- _TASK STATEMENT_:
Using the records that follow, reproduce exactly the lines starting at the line containing "Photograph of three" and ending at the line containing "Güzel Ekim Festivali". Include both end lines and no pictures.

- _GIVEN DATA_:
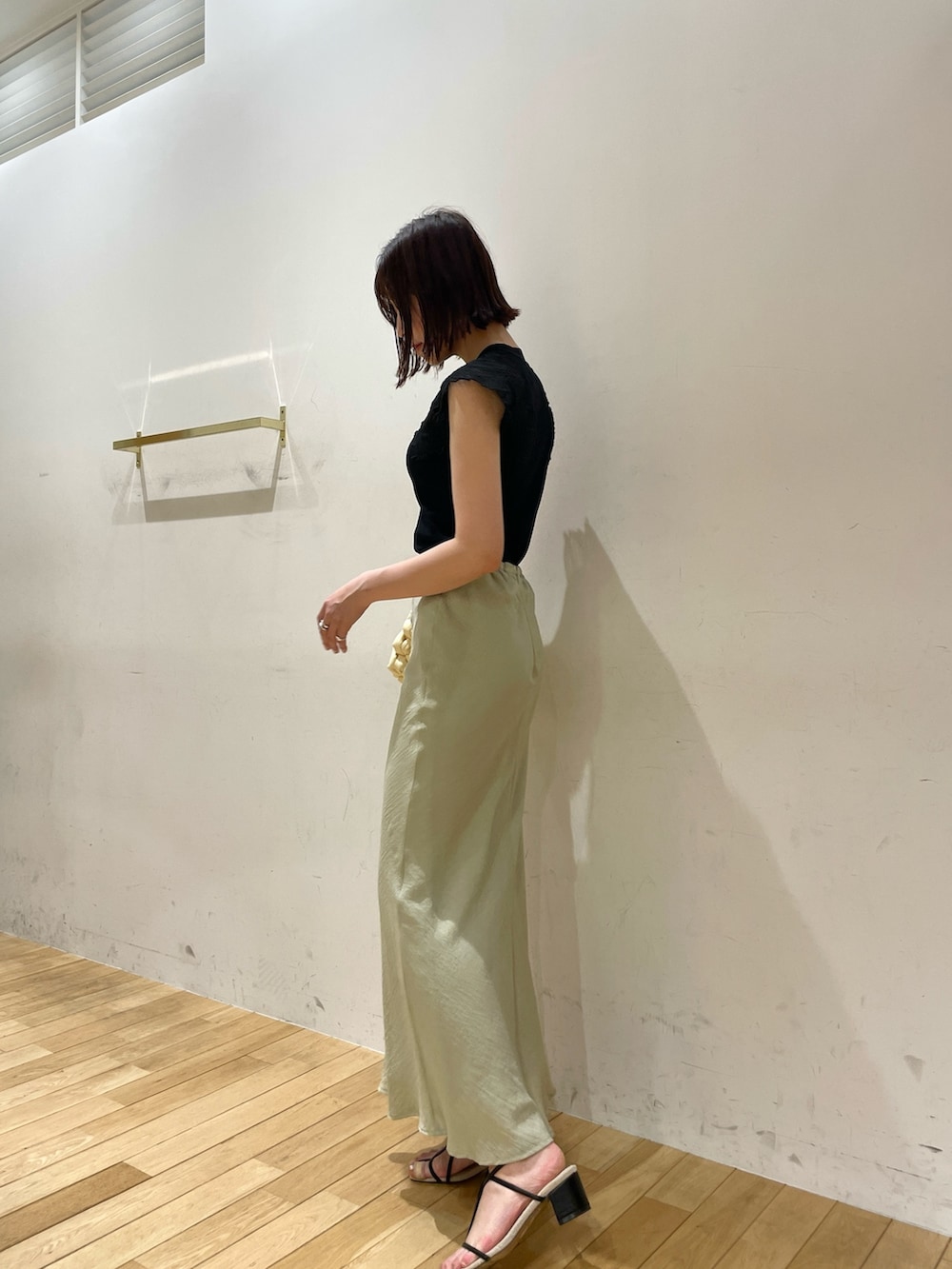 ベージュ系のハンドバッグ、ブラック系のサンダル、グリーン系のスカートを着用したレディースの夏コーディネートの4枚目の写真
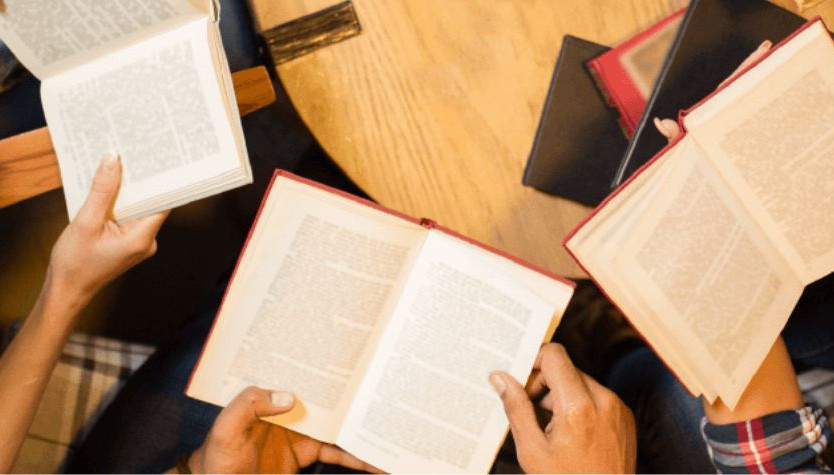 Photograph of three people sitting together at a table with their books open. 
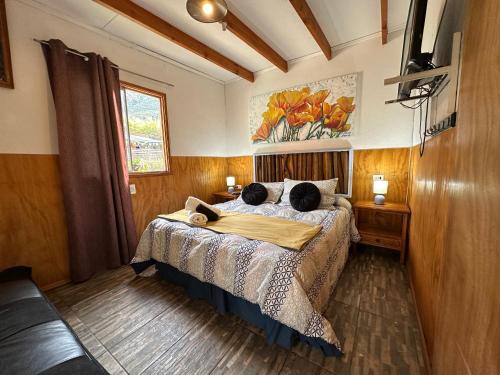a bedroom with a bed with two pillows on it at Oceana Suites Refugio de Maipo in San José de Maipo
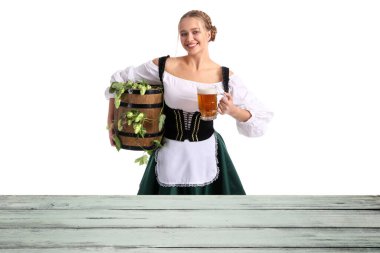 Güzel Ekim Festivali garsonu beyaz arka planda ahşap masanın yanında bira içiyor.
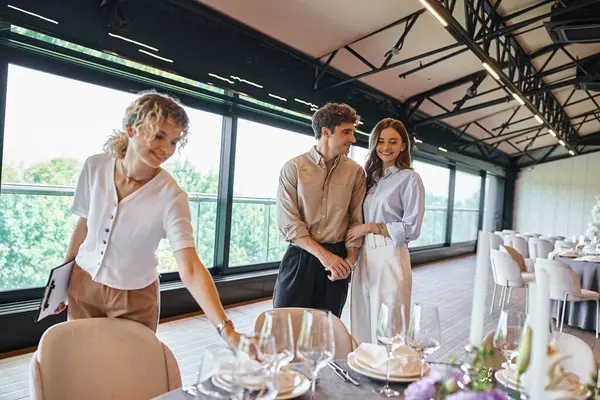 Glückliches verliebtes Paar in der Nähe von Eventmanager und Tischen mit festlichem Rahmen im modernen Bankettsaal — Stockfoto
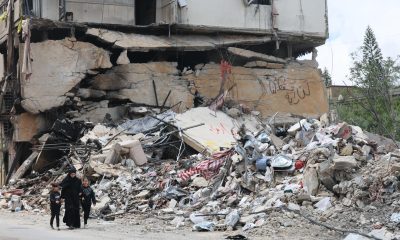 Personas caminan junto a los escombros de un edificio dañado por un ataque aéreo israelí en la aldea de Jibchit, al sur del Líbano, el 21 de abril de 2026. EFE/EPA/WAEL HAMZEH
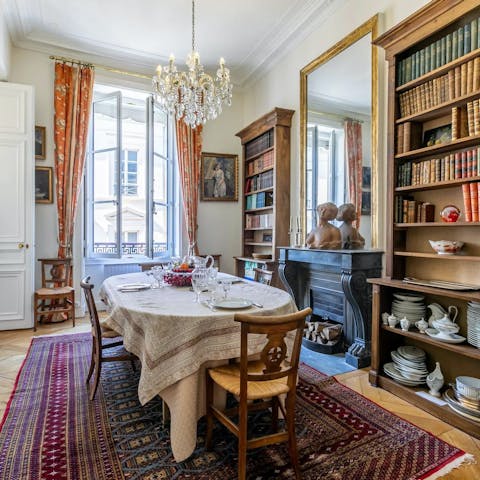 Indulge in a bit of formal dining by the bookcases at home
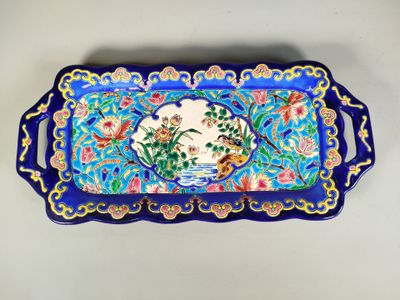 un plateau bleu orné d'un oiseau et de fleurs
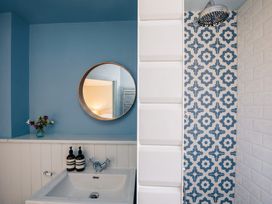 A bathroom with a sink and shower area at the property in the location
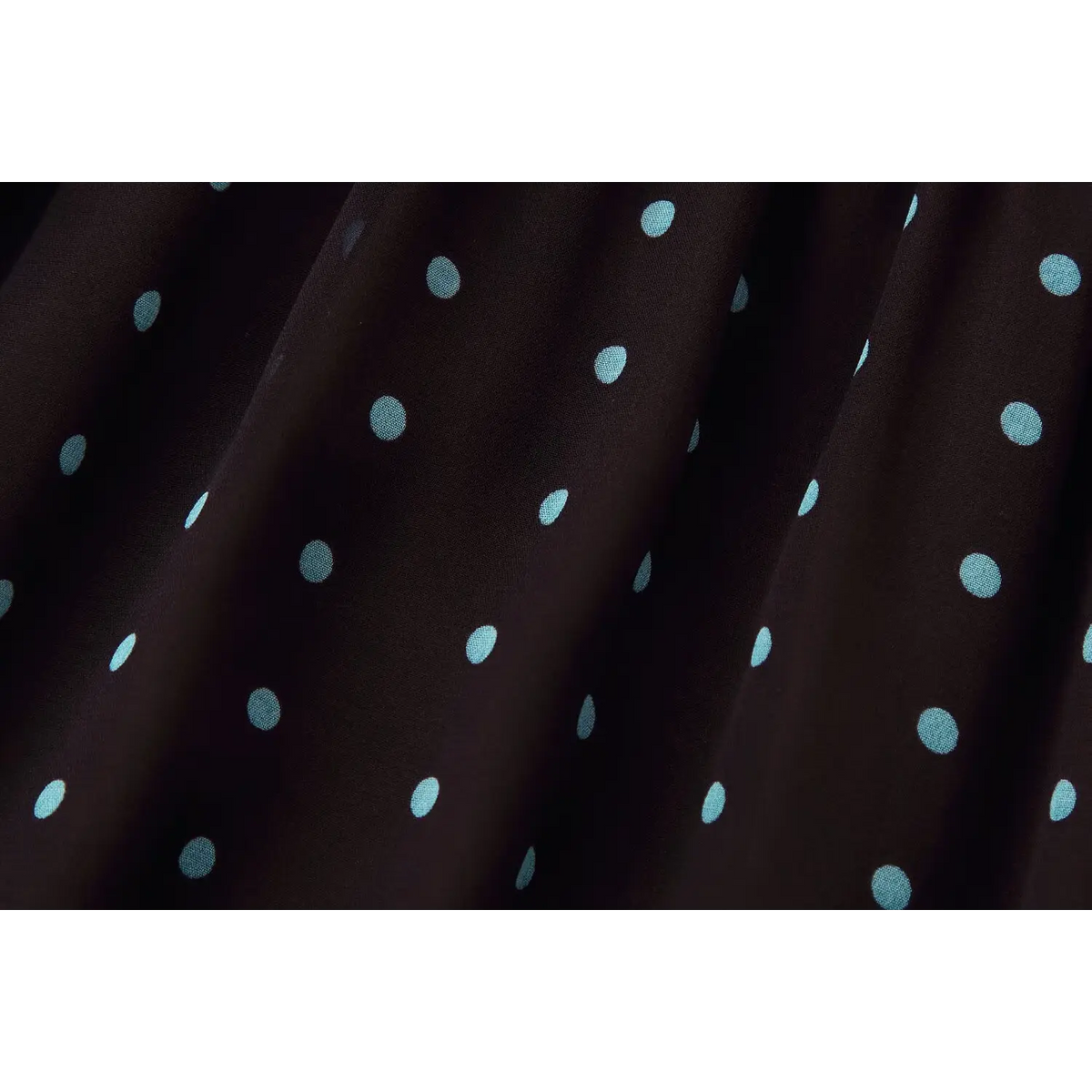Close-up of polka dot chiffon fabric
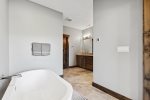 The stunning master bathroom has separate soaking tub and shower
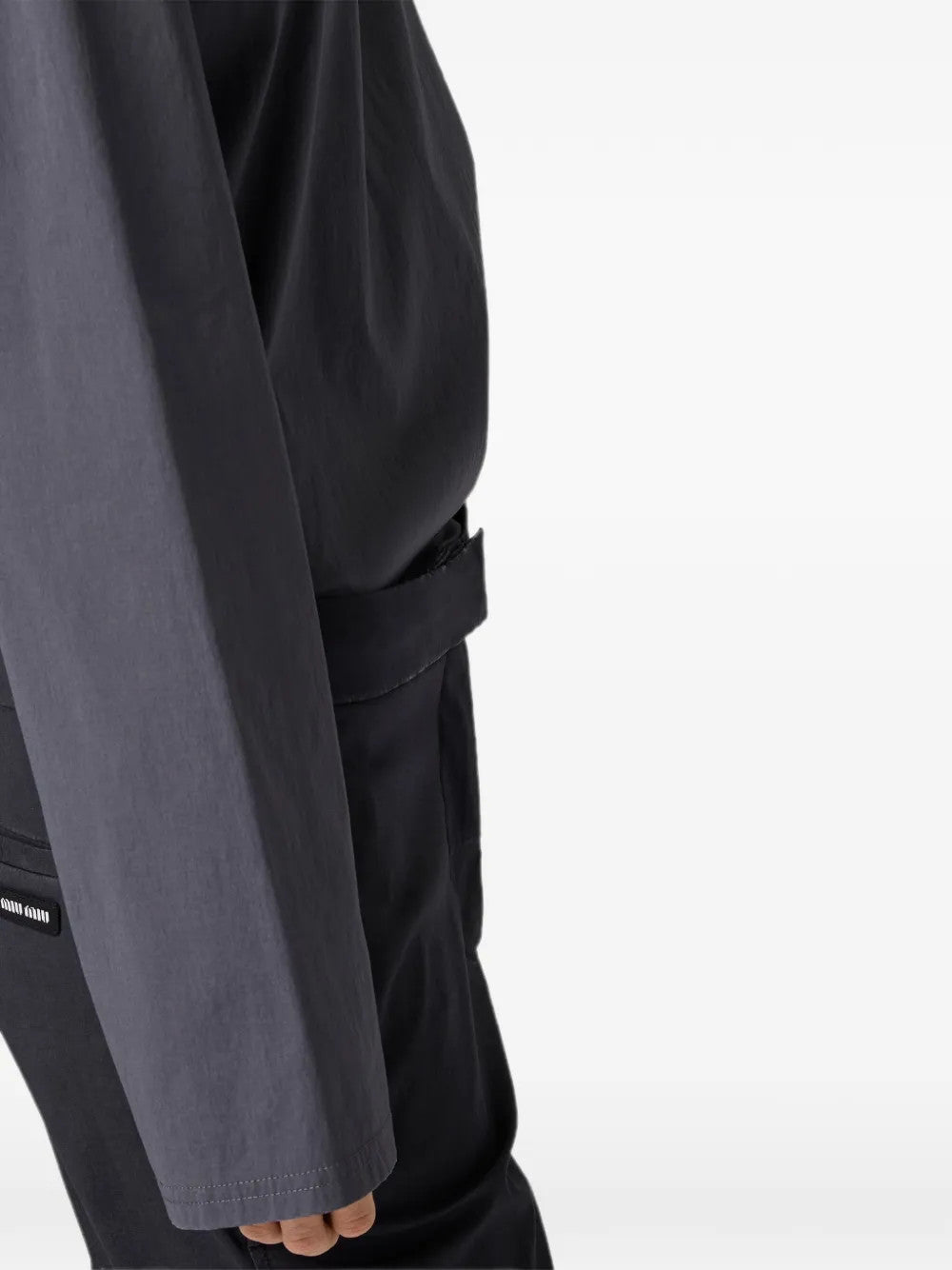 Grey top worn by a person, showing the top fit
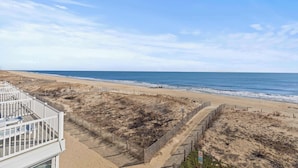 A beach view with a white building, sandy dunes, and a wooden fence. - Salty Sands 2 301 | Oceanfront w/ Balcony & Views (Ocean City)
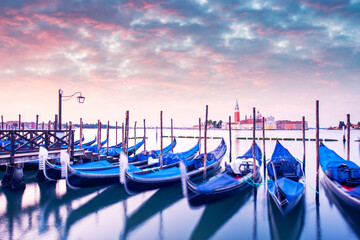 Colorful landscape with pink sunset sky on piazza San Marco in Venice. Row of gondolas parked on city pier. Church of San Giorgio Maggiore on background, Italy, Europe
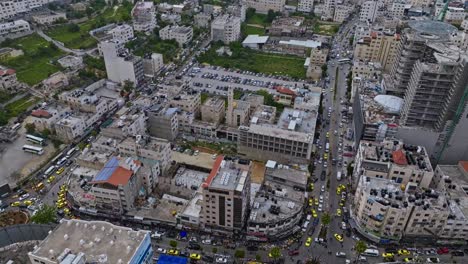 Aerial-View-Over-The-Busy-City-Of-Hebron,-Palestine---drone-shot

- _ANSWER SPACE_:
 Photograph of three people sitting together at a table with their books open. 
a bedroom with a bed with two pillows on it at Oceana Suites Refugio de Maipo in San José de Maipo
 Güzel Ekim Festivali garsonu beyaz arka planda ahşap masanın yanında bira içiyor.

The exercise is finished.